Appelé Palau en anglais, ce pays, dont l'entière population tiendrait dans un demi-stade de football, voit arriver un afflux brutal et inédit de visiteurs de Chine populaire. Qui bouleversent les équilibres et font grincer les dents des habitants de l'archipel. Les statistiques montrent une forte progression de la proportion de Chinois continentaux parmi les touristes arrivant aux Palaos : de 16% en janvier 2014, ils sont passés à 62% en février 2015. Femmes en combinaison intégrale pour se protéger du soleil, hommes en short et débardeur, ils prennent d'assaut les buffets en bord de plage et envoient des "selfies" à leurs amis demeurés dans la grisaille des villes chinoises.
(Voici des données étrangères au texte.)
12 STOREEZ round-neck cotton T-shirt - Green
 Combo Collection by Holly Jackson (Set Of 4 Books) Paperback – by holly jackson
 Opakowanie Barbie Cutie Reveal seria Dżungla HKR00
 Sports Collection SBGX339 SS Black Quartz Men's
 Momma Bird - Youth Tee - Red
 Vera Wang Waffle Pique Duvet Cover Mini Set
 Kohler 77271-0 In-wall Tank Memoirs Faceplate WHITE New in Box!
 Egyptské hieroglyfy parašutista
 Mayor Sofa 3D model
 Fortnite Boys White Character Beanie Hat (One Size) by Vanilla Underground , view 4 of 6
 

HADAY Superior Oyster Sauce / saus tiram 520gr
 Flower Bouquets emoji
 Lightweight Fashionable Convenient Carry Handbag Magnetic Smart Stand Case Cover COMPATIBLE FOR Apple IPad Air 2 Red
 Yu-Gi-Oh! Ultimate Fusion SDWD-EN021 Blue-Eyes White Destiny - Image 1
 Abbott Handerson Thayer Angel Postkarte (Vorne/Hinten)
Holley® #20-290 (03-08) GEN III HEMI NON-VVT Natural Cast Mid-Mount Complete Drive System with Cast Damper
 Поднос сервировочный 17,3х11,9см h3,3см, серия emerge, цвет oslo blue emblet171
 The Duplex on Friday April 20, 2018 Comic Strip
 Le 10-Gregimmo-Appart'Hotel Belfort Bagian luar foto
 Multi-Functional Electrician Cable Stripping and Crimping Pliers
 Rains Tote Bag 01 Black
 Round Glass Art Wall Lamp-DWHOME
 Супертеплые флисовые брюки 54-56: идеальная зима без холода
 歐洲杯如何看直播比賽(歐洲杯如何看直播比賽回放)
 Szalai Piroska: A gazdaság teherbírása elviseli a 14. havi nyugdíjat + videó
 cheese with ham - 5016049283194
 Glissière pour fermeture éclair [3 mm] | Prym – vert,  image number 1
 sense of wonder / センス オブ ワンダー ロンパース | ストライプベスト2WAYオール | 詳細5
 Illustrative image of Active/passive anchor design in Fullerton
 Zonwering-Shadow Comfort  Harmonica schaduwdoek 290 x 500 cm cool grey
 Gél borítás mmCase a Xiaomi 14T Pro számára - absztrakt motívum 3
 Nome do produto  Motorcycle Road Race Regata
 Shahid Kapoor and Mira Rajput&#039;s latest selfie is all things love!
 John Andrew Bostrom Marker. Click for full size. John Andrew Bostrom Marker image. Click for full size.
Ayant prospéré dans l'informatique, Du Chuang s'est offert le voyage en famille dans le joyau océanique. M. Du est emblématique de ces Chinois qui partent plus loin en vacances: il s'est d'abord rendu dans l'île tropicale chinoise de Hainan. L'année d'après, en Thaïlande. Puis aux Maldives. Aujourd'hui, aux Palaos. "Les coraux ici sont bien plus beaux qu'à Sanya", dit-il, en référence à la grande station balnéaire de Hainan, aux hôtels gratte-ciel. Aux Palaos, "c'est petit et splendide".
Peu sensibilisés à l'écologie, les Chinois sont aussi critiqués pour être bruyants et irrespectueux de l'environnement. "Ils brisent les coraux, jettent leurs déchets en mer", s'irrite Norman, un chauffeur de taxi. Des reproches entendus chez de nombreux Palaois.
Un tour-opérateur chinois, bizarrement nommé "Yellow skin tour" ("Excursions peau jaune"), a affiché dans un prospectus des photos de touristes brandissant fièrement une tortue prélevée sur un récif corallien... Officiellement, les autorités affirment que les nouveaux touristes chinois sont les bienvenus. Mais plusieurs responsables rencontrés s'inquiètent d'un surnombre dans l'archipel enchanteur.
La République des Palaos a accueilli 140.784 visiteurs en 2014, en hausse de 34% par rapport à 2013. En février 2015, le nombre de Chinois du continent a bondi de 516% sur un an. "Nous sommes un très petit pays. Nous disposons de ressources limitées. Alors, ce brusque afflux est pour nous une grande inconnue", admet Nanae Singeo, directrice de la "Palau visitors authority".
Jusqu'à récemment, 60 à 70% des arrivants étaient des adeptes de la plongée sous-marine, Japonais en tête. Les Chinois sont davantage attirés par la plage et le farniente. Cela soulève des interrogations. "En tant que pays, notre cible marketing a toujours été une clientèle supérieure, à haute valeur ajoutée. Nous n'avons jamais promu le tourisme de masse", explique Mme Singeo. Surtout que les retombées économiques sont décevantes: "Logiquement, nous devrions enregistrer des recettes en hausse d'au moins 30%, mais ce n'est pas le cas". Résultat, le gouvernement tente de faire machine arrière. Il a notifié à des compagnies aériennes opérant depuis Hong Kong et Macao de restreindre leurs vols charters, à partir du 15 avril, a rapporté le journal "Tia Belau" ("Voici les Palaos"). Il serait "irresponsable" de continuer à ce rythme, a commenté le président, Tommy Remengesau.